Naturally Malcolm Fraser and Phillip Lynch were unanimously re-elected to their respective positions at the start of the Liberal Party meeting following our victory. It was an amazing gathering, full of elation, with a sizeable chunk of the party room comprised of people I had never met before. Not only were our ranks swollen by people who had won seats from Labor, but also by those replacing a number of former members who had retired voluntarily.
As a shadow minister, I had some hope of becoming a very junior minister in the new government. I guess, like all other shadow ministers, I had done all sorts of calculations in my head about my prospects, and I knew that Fraser wanted a smaller cabinet than the 32 or 33 which made up the shadow ministry. So I was not overly optimistic.
Just after the meeting ended, John Bourchier, the chief whip, said that the Prime Minister wanted to see me in his office, and I got the clear impression that Bourchier knew I was to become a minister. I felt a keen sense of anticipation and my best hopes were realised when, a short while later, in the Prime Minister’s office, Malcolm Fraser told me that he wanted me to become Minister for Business and Consumer Affairs. I was tremendously excited and couldn’t wait to tell Janette.

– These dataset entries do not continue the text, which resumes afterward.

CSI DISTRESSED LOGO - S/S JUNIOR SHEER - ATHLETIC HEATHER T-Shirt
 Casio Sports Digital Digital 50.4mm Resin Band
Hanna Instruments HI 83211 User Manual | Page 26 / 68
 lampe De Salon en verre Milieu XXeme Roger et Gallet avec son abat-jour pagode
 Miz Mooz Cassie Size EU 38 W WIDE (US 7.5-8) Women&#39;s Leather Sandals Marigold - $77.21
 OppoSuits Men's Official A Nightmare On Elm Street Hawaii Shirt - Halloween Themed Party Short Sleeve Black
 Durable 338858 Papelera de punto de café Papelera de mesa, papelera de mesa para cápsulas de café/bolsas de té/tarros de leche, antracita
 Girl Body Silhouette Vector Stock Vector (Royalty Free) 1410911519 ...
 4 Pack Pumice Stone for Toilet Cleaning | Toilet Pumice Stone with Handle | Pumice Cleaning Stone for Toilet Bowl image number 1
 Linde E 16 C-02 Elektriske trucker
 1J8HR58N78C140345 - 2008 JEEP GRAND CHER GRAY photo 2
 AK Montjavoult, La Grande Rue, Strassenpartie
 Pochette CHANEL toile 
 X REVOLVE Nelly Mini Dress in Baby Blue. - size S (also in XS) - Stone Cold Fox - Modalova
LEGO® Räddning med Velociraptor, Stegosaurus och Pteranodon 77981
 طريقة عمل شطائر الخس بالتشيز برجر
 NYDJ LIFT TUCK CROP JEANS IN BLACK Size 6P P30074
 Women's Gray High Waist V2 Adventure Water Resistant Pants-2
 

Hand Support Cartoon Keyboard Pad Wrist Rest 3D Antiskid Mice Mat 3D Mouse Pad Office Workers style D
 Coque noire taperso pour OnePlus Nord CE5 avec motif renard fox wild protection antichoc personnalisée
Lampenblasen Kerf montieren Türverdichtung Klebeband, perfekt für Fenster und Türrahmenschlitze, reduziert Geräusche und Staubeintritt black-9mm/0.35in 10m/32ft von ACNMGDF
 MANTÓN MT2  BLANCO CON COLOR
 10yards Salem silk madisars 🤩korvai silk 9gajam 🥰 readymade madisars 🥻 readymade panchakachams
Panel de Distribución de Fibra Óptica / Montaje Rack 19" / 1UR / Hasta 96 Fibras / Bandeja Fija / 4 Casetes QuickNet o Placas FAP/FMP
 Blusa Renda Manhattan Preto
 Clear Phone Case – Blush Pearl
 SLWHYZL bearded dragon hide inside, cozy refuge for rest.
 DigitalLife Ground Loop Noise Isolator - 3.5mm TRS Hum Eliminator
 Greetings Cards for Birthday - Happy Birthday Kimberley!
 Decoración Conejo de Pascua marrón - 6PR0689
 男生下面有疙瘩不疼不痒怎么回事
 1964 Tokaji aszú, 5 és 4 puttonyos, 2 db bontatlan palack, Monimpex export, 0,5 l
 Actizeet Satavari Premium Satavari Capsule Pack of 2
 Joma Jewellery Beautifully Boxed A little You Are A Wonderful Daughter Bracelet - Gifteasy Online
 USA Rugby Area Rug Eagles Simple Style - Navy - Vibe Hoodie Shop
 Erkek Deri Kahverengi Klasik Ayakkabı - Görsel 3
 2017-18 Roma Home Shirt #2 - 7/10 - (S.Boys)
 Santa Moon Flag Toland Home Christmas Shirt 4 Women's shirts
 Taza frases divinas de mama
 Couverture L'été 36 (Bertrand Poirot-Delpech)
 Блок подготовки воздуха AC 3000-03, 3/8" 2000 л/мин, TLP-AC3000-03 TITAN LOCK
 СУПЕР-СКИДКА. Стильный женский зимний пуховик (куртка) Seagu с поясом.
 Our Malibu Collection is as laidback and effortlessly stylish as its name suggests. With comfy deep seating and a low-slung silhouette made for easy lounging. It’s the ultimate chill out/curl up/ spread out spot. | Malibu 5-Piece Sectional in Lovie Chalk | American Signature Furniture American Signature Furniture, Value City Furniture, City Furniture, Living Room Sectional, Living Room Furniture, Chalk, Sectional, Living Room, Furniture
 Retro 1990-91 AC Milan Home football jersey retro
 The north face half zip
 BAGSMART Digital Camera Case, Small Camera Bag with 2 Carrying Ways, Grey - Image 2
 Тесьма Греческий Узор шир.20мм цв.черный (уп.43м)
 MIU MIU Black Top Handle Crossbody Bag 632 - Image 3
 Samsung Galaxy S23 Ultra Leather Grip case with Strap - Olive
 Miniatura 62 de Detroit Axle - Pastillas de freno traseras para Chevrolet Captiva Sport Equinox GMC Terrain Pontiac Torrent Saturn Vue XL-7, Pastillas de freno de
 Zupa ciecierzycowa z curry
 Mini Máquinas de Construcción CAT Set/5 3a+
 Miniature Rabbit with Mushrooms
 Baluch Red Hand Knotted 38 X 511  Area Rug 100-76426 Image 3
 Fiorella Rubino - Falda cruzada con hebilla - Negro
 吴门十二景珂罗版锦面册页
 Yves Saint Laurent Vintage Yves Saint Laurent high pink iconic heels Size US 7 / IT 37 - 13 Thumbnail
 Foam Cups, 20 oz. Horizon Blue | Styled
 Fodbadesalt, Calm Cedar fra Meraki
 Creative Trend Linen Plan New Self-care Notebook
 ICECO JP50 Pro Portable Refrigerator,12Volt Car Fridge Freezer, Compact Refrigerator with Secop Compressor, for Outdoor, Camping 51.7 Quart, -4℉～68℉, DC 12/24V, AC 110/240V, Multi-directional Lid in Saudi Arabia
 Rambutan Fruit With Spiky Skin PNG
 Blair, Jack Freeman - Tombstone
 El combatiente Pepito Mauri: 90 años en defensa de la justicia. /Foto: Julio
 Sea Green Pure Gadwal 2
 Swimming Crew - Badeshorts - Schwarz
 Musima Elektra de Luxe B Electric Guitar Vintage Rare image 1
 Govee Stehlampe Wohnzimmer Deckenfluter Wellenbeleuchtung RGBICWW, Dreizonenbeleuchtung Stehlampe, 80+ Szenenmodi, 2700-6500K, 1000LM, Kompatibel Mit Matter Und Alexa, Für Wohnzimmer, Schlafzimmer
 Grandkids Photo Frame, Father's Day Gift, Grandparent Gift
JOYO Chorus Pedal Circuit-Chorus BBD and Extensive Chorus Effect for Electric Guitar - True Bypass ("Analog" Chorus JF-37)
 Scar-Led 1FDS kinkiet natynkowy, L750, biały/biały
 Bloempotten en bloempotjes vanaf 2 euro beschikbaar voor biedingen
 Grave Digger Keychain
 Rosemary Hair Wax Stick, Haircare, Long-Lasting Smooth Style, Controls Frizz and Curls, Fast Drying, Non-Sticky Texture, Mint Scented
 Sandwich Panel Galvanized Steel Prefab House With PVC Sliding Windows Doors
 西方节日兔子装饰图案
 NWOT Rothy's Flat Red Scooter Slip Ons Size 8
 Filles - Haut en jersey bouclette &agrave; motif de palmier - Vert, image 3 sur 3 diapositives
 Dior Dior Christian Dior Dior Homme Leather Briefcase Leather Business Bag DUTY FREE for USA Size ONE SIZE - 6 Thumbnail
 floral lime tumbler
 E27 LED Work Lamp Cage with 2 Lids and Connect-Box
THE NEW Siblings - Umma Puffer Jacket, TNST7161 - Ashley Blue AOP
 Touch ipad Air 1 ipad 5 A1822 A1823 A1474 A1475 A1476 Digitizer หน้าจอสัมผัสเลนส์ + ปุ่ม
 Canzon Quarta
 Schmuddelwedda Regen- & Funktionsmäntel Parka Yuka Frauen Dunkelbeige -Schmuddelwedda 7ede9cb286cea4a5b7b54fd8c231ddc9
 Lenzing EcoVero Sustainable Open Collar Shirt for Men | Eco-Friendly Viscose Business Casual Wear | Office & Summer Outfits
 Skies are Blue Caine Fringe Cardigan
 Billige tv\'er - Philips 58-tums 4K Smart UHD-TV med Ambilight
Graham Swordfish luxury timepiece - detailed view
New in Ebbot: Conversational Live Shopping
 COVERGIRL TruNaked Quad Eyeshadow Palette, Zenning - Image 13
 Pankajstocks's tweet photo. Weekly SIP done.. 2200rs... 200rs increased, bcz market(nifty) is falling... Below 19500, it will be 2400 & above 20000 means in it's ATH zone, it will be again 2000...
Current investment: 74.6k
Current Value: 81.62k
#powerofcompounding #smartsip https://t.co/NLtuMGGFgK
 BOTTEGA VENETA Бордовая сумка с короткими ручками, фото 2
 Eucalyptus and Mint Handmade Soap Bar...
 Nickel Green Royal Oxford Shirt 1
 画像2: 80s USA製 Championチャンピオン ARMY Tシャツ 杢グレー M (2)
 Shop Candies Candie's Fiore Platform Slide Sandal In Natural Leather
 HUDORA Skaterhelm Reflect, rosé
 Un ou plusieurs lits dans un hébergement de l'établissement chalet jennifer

Whilst I thought that I had done a good job as a shadow minister, I knew that it was a fine judgement for a leader when choosing younger members in a new ministry. Malcolm Fraser and I have had our differences over the years and our relationship became very distant after I became Prime Minister, but I will always be grateful for the opportunity he gave me back in December 1975. It was a generous promotion at a critical time.
Business and Consumer Affairs was a new portfolio arrangement which brought together many of the business regulatory functions of the federal government, including responsibility for the Trade Practices Act, the Prices Justification Act, and the Industries Assistance Commission and also, potentially, for the national regulation of companies and securities. Also included was the Customs Bureau, of which the Narcotics Bureau, carrying the federal fight against drugs, was part. The business community applauded this new grouping of responsibilities. The cluster of duties I had been given attracted intense scrutiny from the business media.
The Fraser Government inherited a fragile economy. Inflation had soared to 14.4 per cent; unemployment stood at 5.4 per cent; the budget deficit had blown out to a projected 1.8 per cent of gross domestic product (GDP). Federal government spending had risen by a staggering 46 per cent over the two-year period of 1973–74. The Whitlam Government had been an incompetent economic manager; there was a near universal judgement that it would be a long time before Labor would again be trusted with the purse strings.
Most of the senior members of the incoming Government — Fraser, Lynch, Anthony, Sinclair, Nixon, Bob Cotton, Peacock and Greenwood — had been prominent in earlier Coalition governments, and were heirs of the Menzies years, which had been ones of stability and prosperity. They had been, also, years of government regulation, an inward-looking Australian economy, high levels of tariff protection and a centralised wage-fixation system. This regulatory, activist role for government had seemed to work during that time. There had been much activity and full employment. Why then should that approach be changed?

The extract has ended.